TASK PROMPT | The data that follows is to be copied exactly, with each image removed.

DATA EXTRACT |
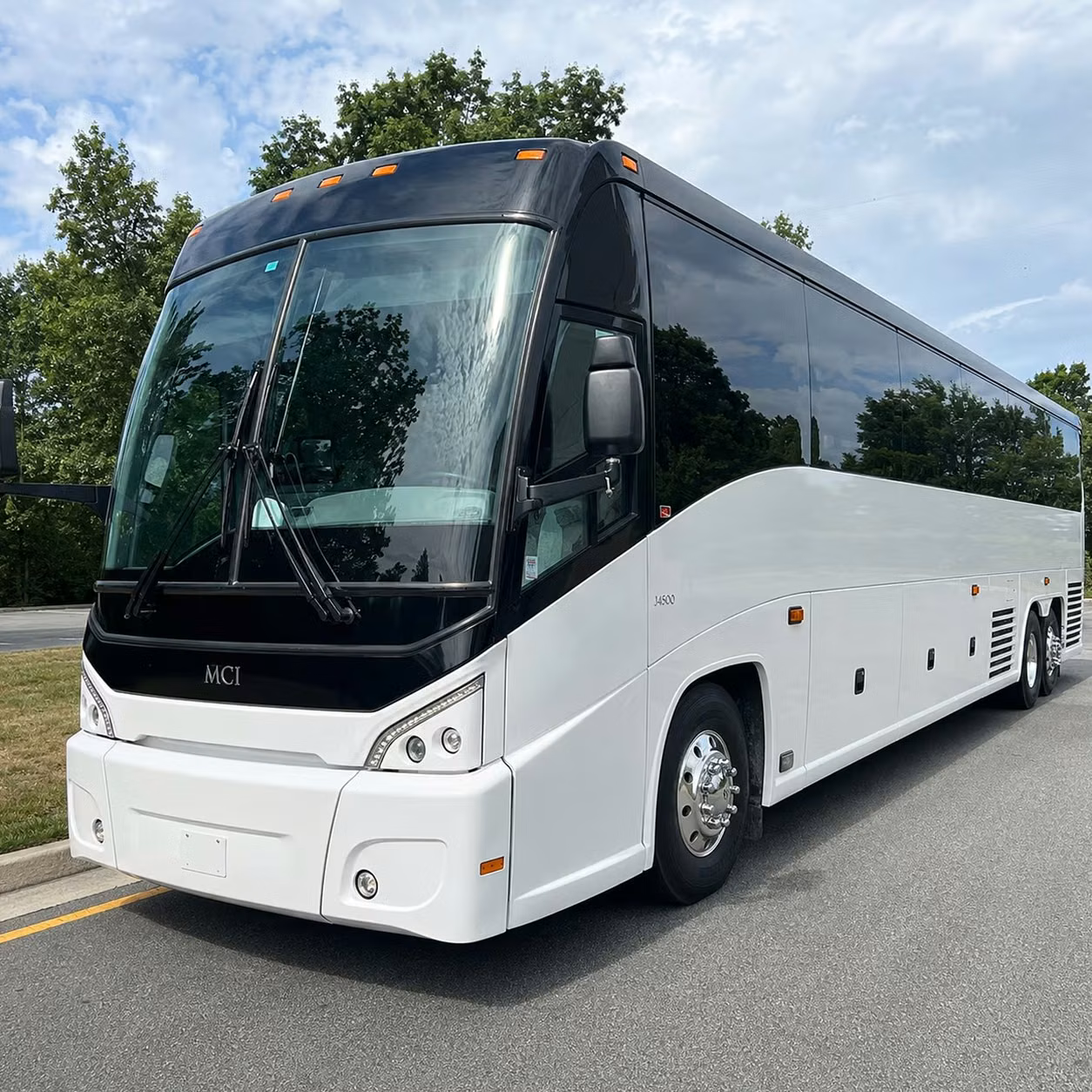 long distance charter bus rentals for wichita sports teams and fan groups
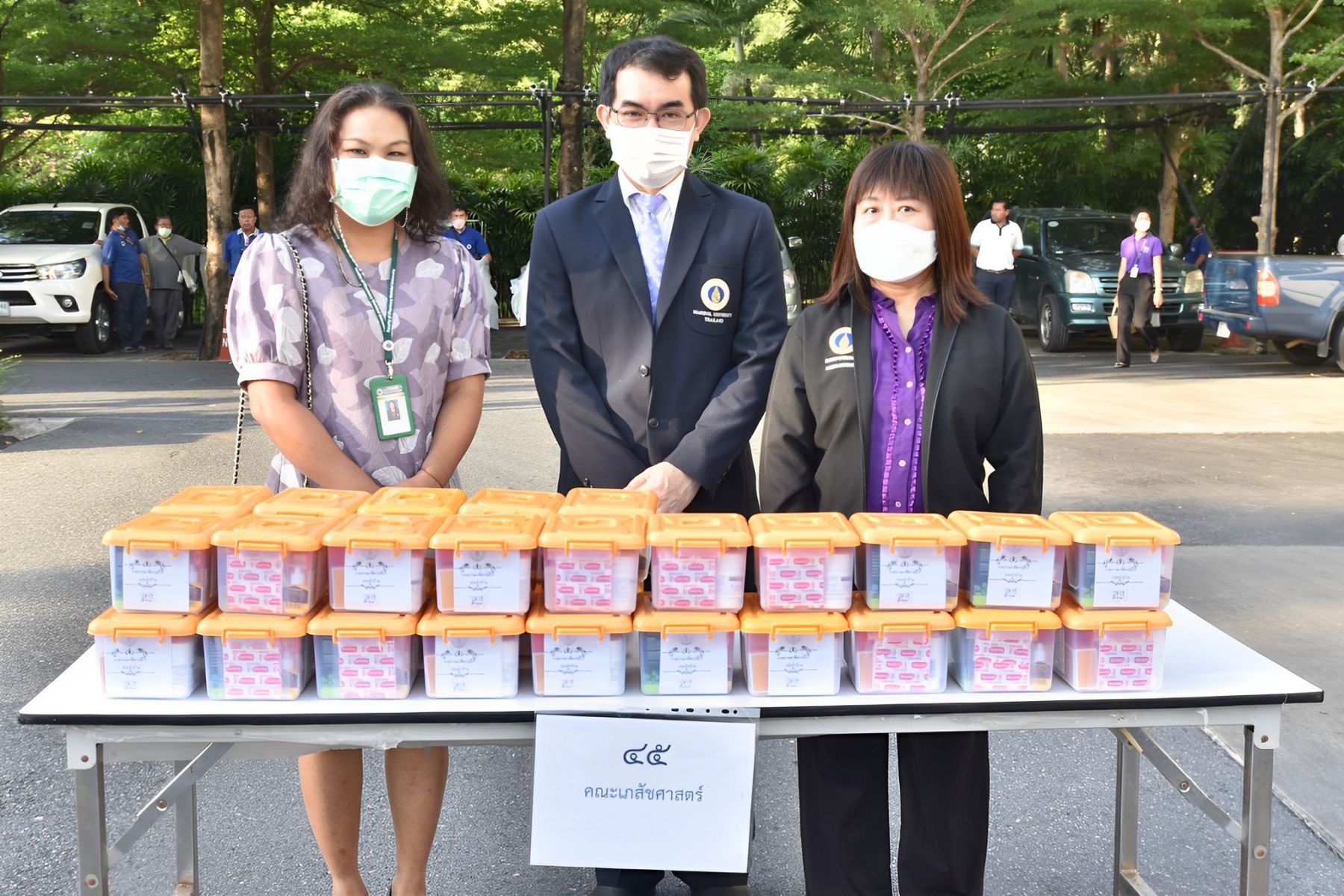 ทำบุญตักบาตร ถวายราชสดุดี สมเด็กพระนางเจ้าสุทิดา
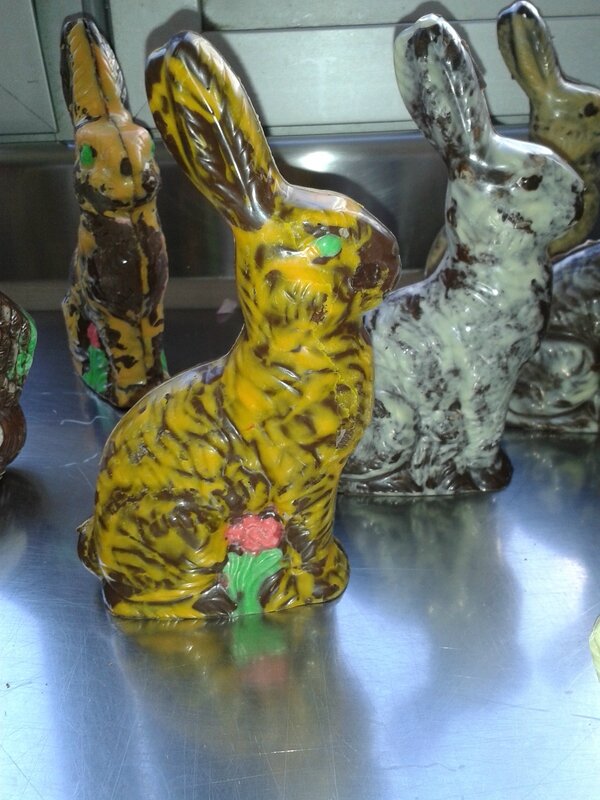  Joyeuses pâques, Lapin au chocolat ( chocolat de pâques du chef Custos)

REPLY TO THE EXERCISE |
 long distance charter bus rentals for wichita sports teams and fan groups
 ทำบุญตักบาตร ถวายราชสดุดี สมเด็กพระนางเจ้าสุทิดา
  Joyeuses pâques, Lapin au chocolat ( chocolat de pâques du chef Custos)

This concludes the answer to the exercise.